##### RECORD SET

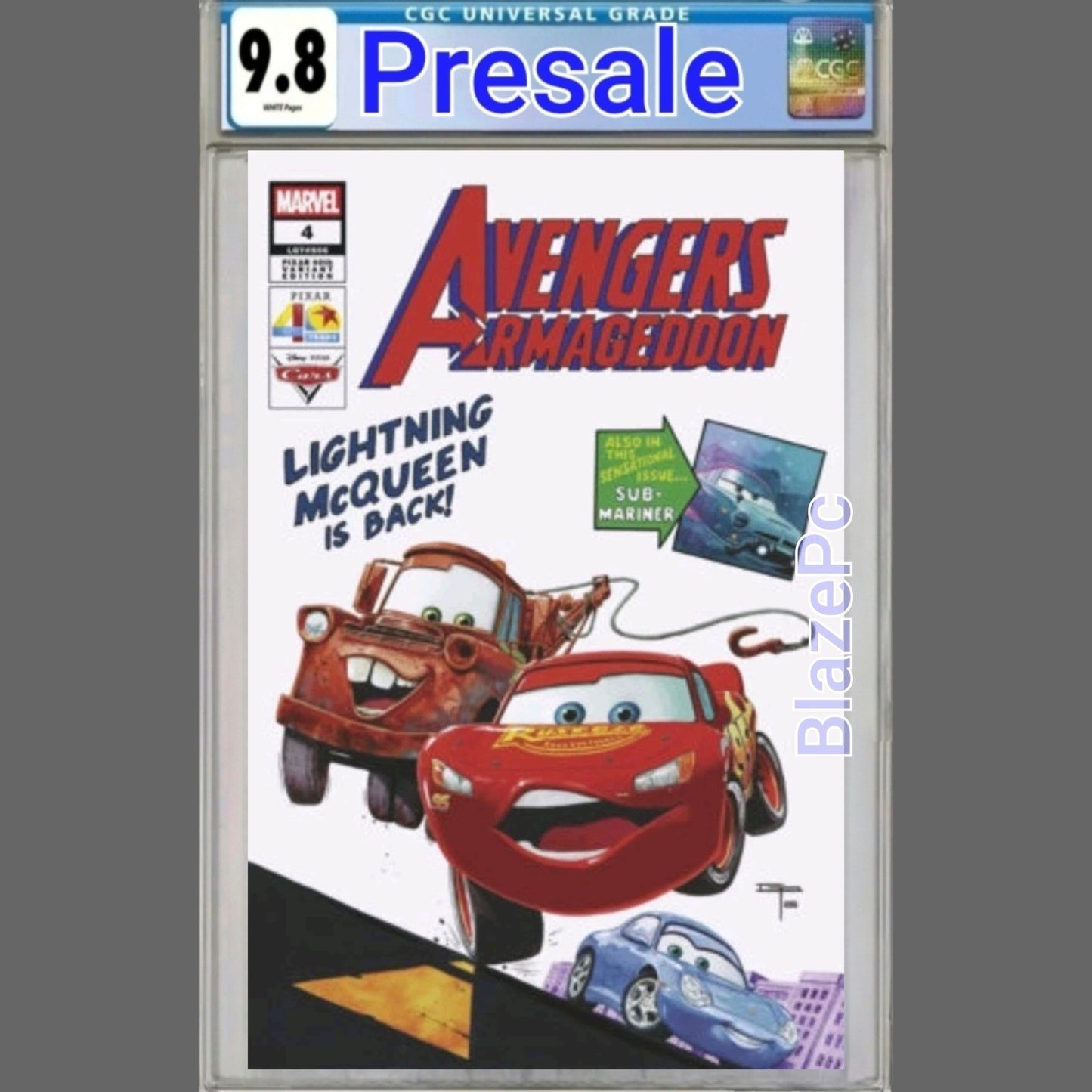 Avengers Armageddon #4 CGC 9.8 Peralta Pixar 40th McQueen Variant PRESALE
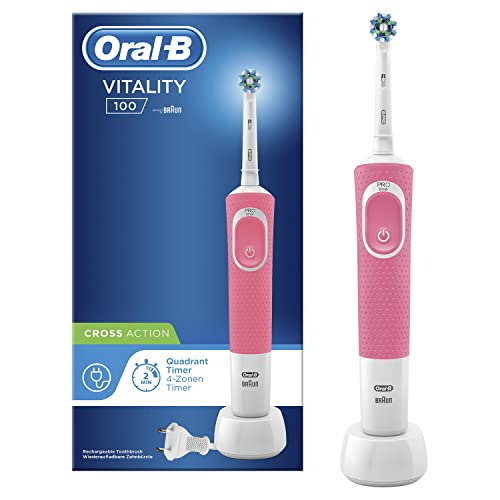 Oral-B Vitality 100 CrossAction - Cepillo Eléctrico, 1 Mango, 1 Cabezal, Rosa
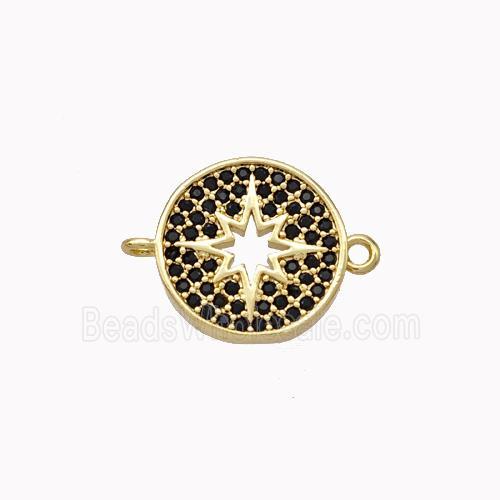 Copper Northstar Connector Micropave Zirconia Circle Gold Plated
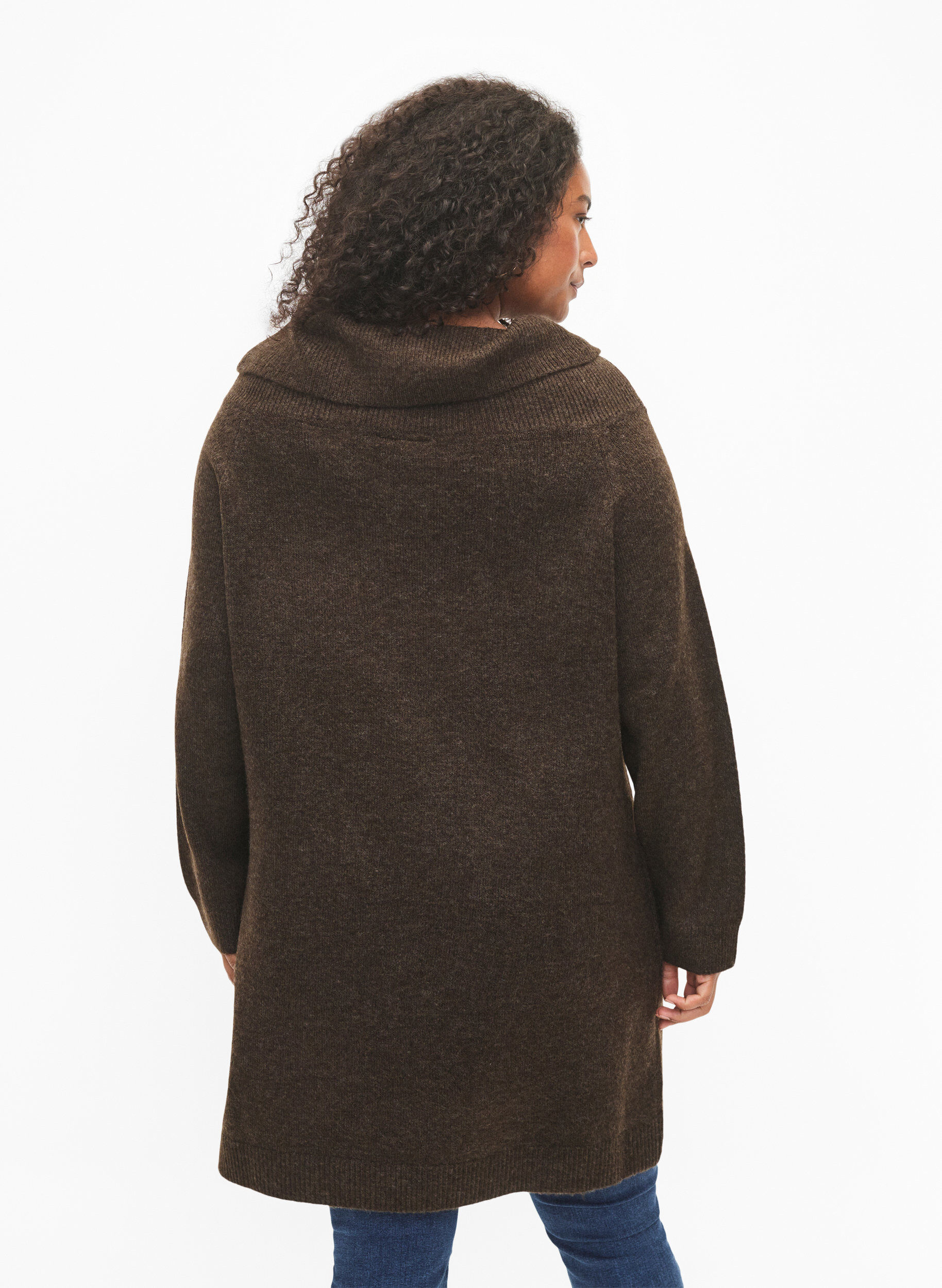 Zizzi Meleret strikkjole, Demitasse Mel., Model image number 1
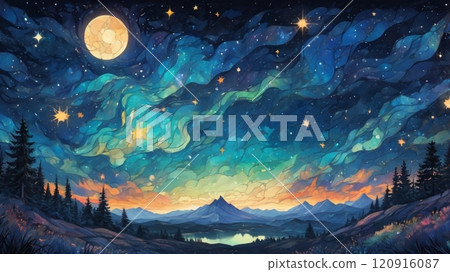 夢幻般的彩色玻璃星空 120916087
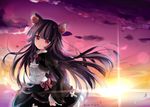  animal_ears bison_cangshu black_dress black_hair cloud dress gokou_ruri gothic_lolita lolita_fashion long_hair open_mouth ore_no_imouto_ga_konna_ni_kawaii_wake_ga_nai red_eyes sky solo sunset 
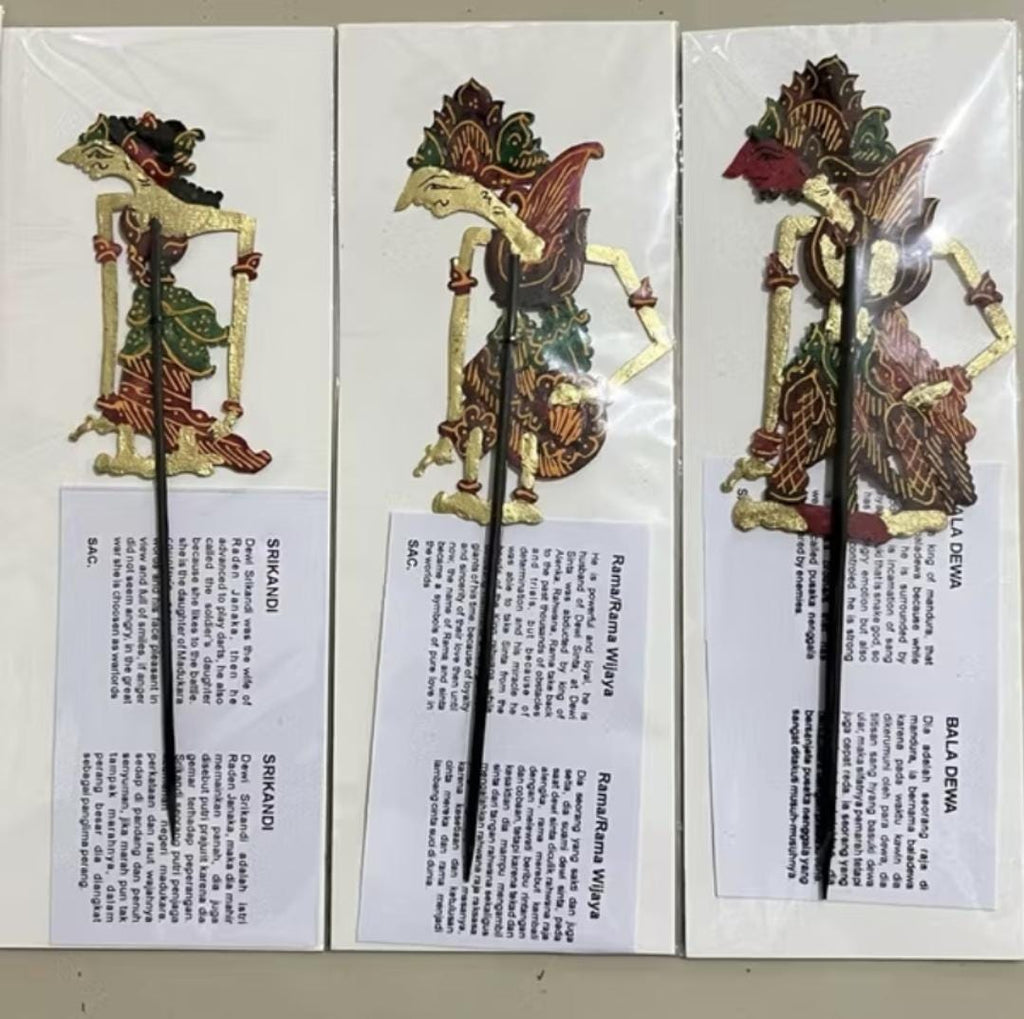 Mini Leather Wayang Puppets Set | Indonesian Shadow Puppets Cultural Home Decor Handmade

##########

__WHAT IS EXPECTED__.
Output, exactly and without pictures, the span of lines that starts at the line containing "animal_ears bison_cangshu black_dress" and ends at the last line above.

__PROBLEM SOLUTION__.
  animal_ears bison_cangshu black_dress black_hair cloud dress gokou_ruri gothic_lolita lolita_fashion long_hair open_mouth ore_no_imouto_ga_konna_ni_kawaii_wake_ga_nai red_eyes sky solo sunset 
 Mini Leather Wayang Puppets Set | Indonesian Shadow Puppets Cultural Home Decor Handmade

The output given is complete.